[Python-Dev] sre.c and sre_match()

Jack Diederich jack@performancedrivers.com
Wed, 16 Apr 2003 13:33:58 -0400


> [Jack Diederich]
> > ...
> > I was actually poking around to see how hard it would be to allow
> > pure-python string classes to work with the re modules.
[Tim Peters]
> Sorry, no idea.  Note that sre works on any object supporting the ill-fated
> buffer interface.  You may have a hard time figuring out that too.  But,
> e.g., it implies that re can search directly over an mmap'ed file (you don't
> need to read the file into a string first).

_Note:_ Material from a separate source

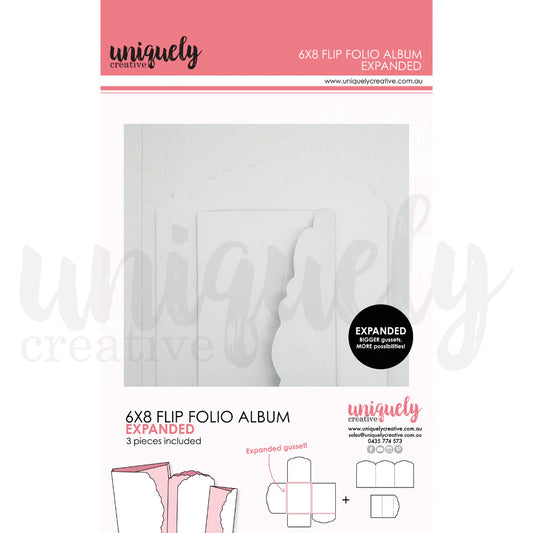 Uniquely Creative 6x8 Flip Folio Album - Expanded- White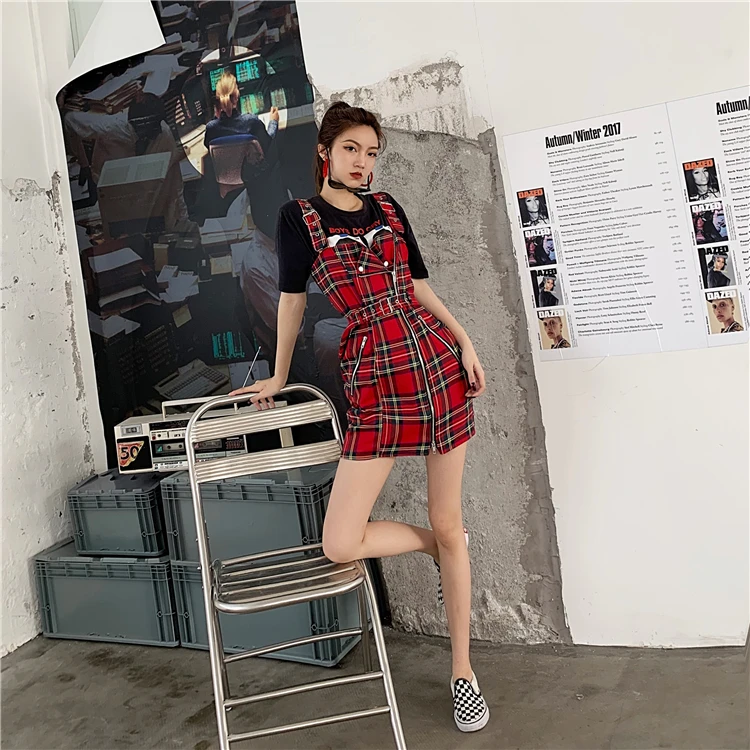 Летнее красное клетчатое платье сексуальное винтажное на молнии с поясом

Poking around some more in _sre.c

It looks like user defined strings could be supported via the same #include
hack as unicode with some extra defines.

// ascii/unicdoe
#define STATE_NEXT_CHAR(state) state->ptr++
// user strings
#define STATE_NEXT_CHAR(state) PyEval_CallObject(state->string_nextmethod)

similar for STATE_PREV_CHAR

and something to ask if we're at the end

// ascii
#define STATE_ISEND(state) (state->ptr == state->end)
// user strings
#define STATE_ISEND(state) PyEval_CallOjbect(state->string_endmethod)

Is there a speed reason why all the SRE_MATCH type functions do
  ptr = state->ptr;
  ptr++;
  ptr--;
  // lots more stuff with ptr
  state->ptr = ptr;

or is it just convenience?  If just convenience it would make writing the
#defines easier.

the PyEval_CallObjects are just psuedo code, it would be wrapped in something
that tested the appropriateness of the return value and other book keeping.

could this be done without hurting the speed of regular regexps?

-jackdied